We asked Chris Gefvert, Director of Marketing & e-commerce at Allied Wire & Cable a few questions about how Marketing and Sales work together in his organization. Take a read below.

  1. Describe how your customer-facing sales teams use your organization’s marketing.

Our goal in marketing is to make the sales team’s job as simple and easy as possible. Full stop. Informing potential customers about the company before they speak to sales, saves a rep from pitching. Providing content educates them so reps don’t have to answer basic questions. Engaging them enough to raise their hand and request products saves the reps a game of cold phone tag. From the very start of the customer journey, each touch within our marketing operation acts as a force multiplier to sales efficiency.

  1. What is your Management’s approach to aligning sales and marketing?

In the B2B space, the common answer when each is asked about the other is usually “Marketing JUST makes pretty pictures, and Sales are JUST order-takers.” We’ve struggled with the paradigm of this unequal workload and impact perception between sales and marketing, and honestly, the root cause of misalignment is as simple as poor understanding. It’s a fascinating paradox that the two departments of an organization most skilled in communication are the ones at fault here, yet it is almost universal across industries.

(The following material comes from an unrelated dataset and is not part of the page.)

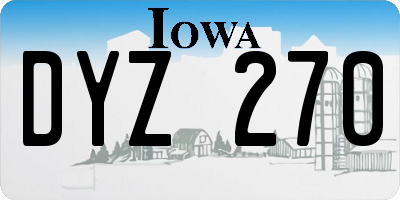 IA license plate DYZ270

We foster the understanding that both marketing and sales play an integral part in the customer journey and they’re part of one larger revenue operations team. Close-ready leads don’t appear out of thin air without marketing and there’s never a single cent of revenue without the sales team. To hammer home this idea of being on the same team, we developed a “RevOps Machine” diagram as a visual storytelling device to help align the teams for each campaign – almost like a technical flowchart of all customer touch points throughout the funnel. Whenever a new idea, campaign, or process improvement is communicated to either team, our Rube-Goldberg-like model is used and tiny customers are processed through each step to show the impact of even the smallest facet can have weight in the overall journey.

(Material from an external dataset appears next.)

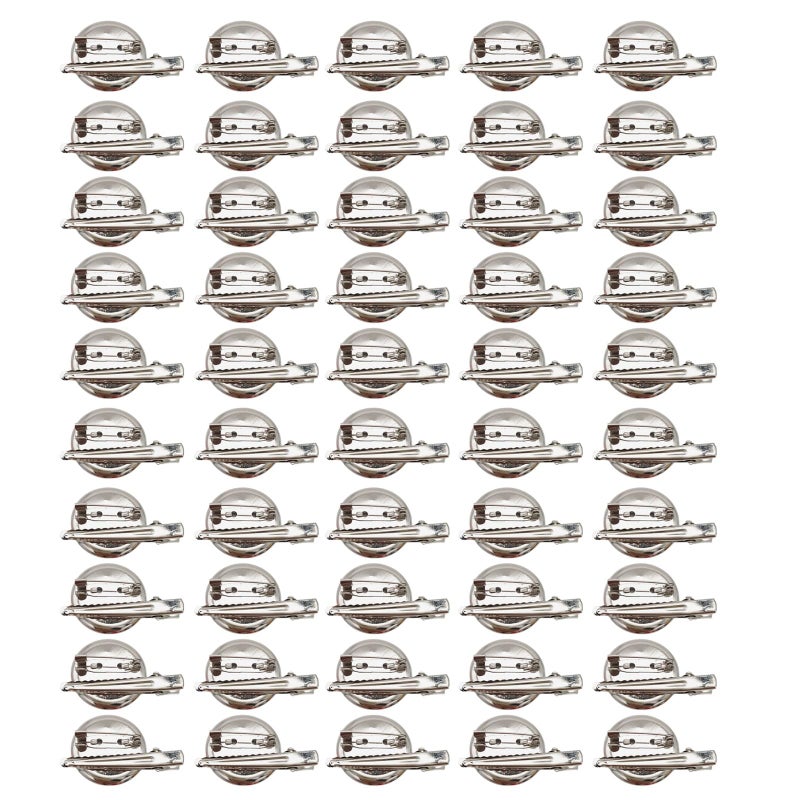 50 Pcs Metal Circular Discs Brooch Pins Hair Clips Backings Jewelry Making Accessories - Image 2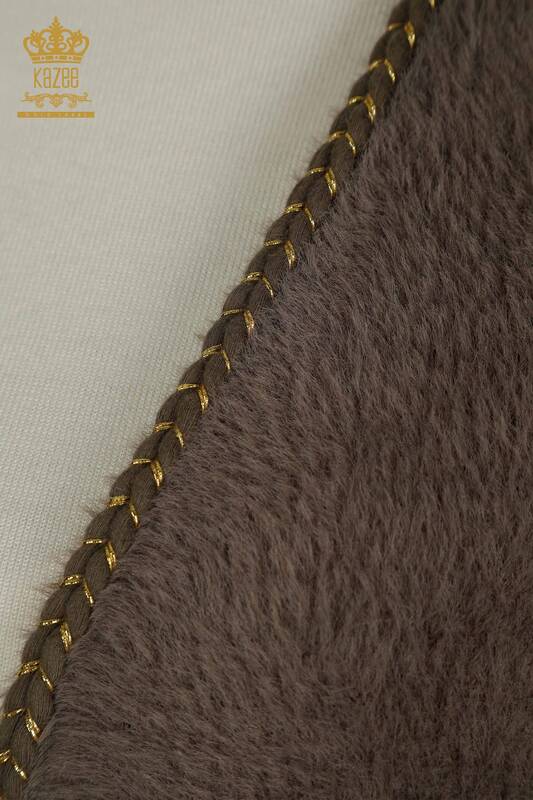 Wholesale Women's Angora Cardigan with Pocket Detail, Khaki - 30799 | KAZEE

  1. How do you reinforce marketing messaging for your sales reps?

It’s an ongoing evolution – a perpetual cycle. Our marketing message is crafted by just listening to salespeople, not just in meetings, but on calls and emails with their customers, even in interactions with other salespeople on the floor. On a given day, our sales team speaks to countless more customers than we do in marketing, so it only makes sense to develop our messaging… well, right from the horse’s mouth. We take common themes, notable trends, and industry lingo and then root them in our brand and promotional messages as solutions to the customers’ current PBOs. It’s not so much us reinforcing marketing messaging for our sales reps, but them reinforcing our marketing messaging.

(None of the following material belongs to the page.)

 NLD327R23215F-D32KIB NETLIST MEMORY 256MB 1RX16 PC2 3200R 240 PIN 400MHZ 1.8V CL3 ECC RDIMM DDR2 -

  1. What advice would you give to other marketing leaders as it relates to sales?

I cannot stress it enough – constant communication and feedback. Ask a sales rep at random “how did our last campaign positively affect you and your customers?” If they don’t give a glowing review, was it successful?

Take a full week and do a “ride-along” with different members of the sales team. Customer service, sales reps, key account executives, sales managers, everyone. Each has unique sales functions, day-to-day issues, even customer types, etc. and they all have a better pulse on YOUR target marketing personas than any focus group or CAB. As a marketer, a single day in the bullpen yields a month’s worth of customer and product knowledge.